Nesse sentido, é necessário, então, uma atuação colaborativa e de escuta. Consultora nas áreas da Museologia, da Educação e da Gestão e Organização de Museus e professora visitante da Universidade Lusófona de Humanidades e Tecnologias, em Portugal, Maria Célia Teixeira compreende que "mais do que nunca é preciso uma rede colaborativa".
Com isso, há a aproximação dos museus com a sociedade - mas não com "a autoridade de técnico que domina o conhecimento sozinho", e sim com diálogo e troca de conhecimento de forma conjunto. "Essa troca entre sujeitos, realidades e patrimônios diferentes traz para o museu visões de mundo e de patrimônio diferenciadas que vão se juntar ao acervo, de modo a compreenderem melhor a história e se olharem como sujeitos dessa história", alega.
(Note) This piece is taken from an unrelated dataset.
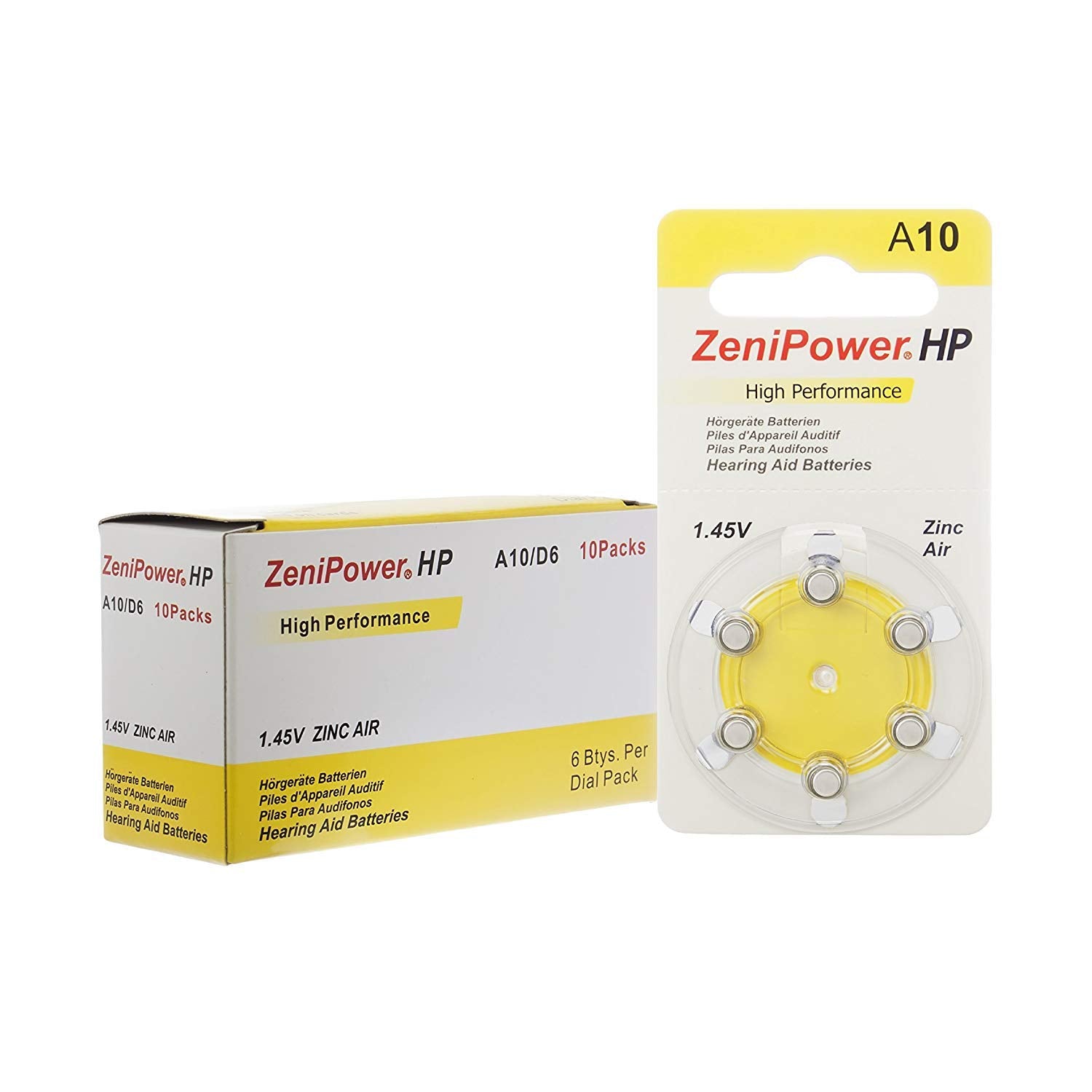 ZeniPower Hearing Aid Batteries Size: 10 (120 Batteries)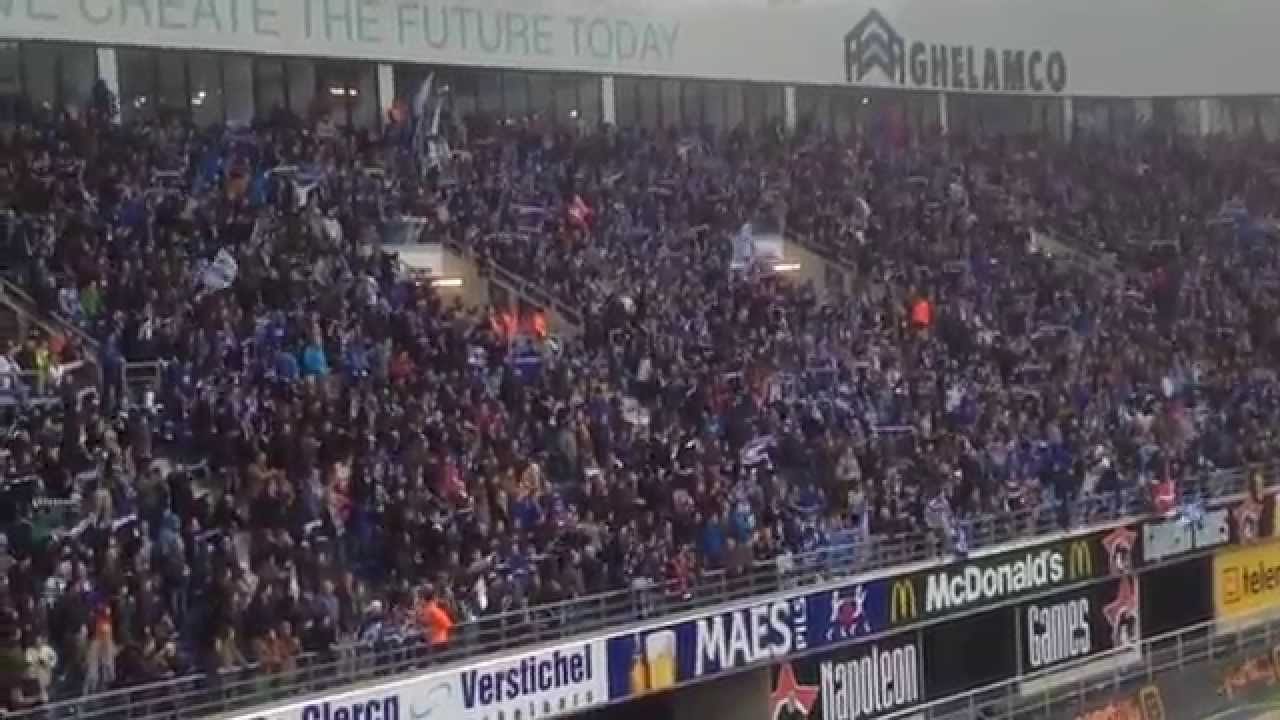 KAA Gent - Club Brugge 2-1 (22/02/2015) Sfeerbeelden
Entram em cena museus indígenas, quilombolas e de comunidades "periféricas ou dissidentes", como afirma Ícaro Souza. O coordenador aponta como tendências de práticas na museologia atualmente o destaque para o deslocamento de foco dos grandes espaços institucionais "para as experiências museais do povo".
"Uma museologia que milita no mundo ao lado destes povos e que investiga as suas experiências com a memória e o patrimônio cultural, conferindo caráter inovador às formas como o povo se apropria e valoriza suas memórias coletivas espontaneamente", argumenta o profissional.
Essas ações, invariavelmente, podem aproximar o público das instituições museais, se desgarrando da possível ideia de que tais equipamentos sirvam "apenas" para conservação de um passado distante. Para Mário Chagas, os museus devem sistematicamente se questionar como atender "de modo cada vez mais atento e participativo" à população que o visita - e também à que não costuma entrar em seus espaços.
"Precisamos perguntar o que os jovens estão fazendo e o que os mais velhos estão precisando. Essa atenção contemporânea, na minha perspectiva, tem a potência de produzir conexão entre museu e sociedade. Acho que esse é o nosso desafio: fortalecer essa conexão entre museu e sociedade", pontua.
Na análise do diretor do Museu da República, a museologia social envolve participação efetiva das comunidades e dos povos - e, em sua avaliação, o Ceará tem uma força expressiva nesse aspecto. A característica é defendida por Ícaro: "Os museus cearenses propõem experiências ricas e plurais de museus e acervos. Investigam e exibem a memória patrimonial e a produção artística cearense em diálogo com a produção nacional e internacional a partir de diferentes linguagens, ferramentas e perspectivas".
Ele prossegue: "O Ceará tem uma experiência museal de uma pluralidade singular, dos museus indígenas aos eco museus, museus comunitários, acervos particulares que refletem a história de um lugar, a cultura cearense vem à tona em sua diversidade viva e pulsante quando olhamos para as experiências museais existentes no Ceará como um todo".
Sobre a relação entre passado e presente almejando um futuro, Mário Chagas contribui: "Quando lidamos com objetos e acervos do passado, não estamos no passado, estamos no presente lidando com esse passado. Entretanto, esse passado não 'passou' de todo, porque há muita coisa ainda para ser descoberta e repensada. Quando fazemos isso, é como se pudéssemos fazer uma revolução naquele passado e isso vai se projetando no futuro".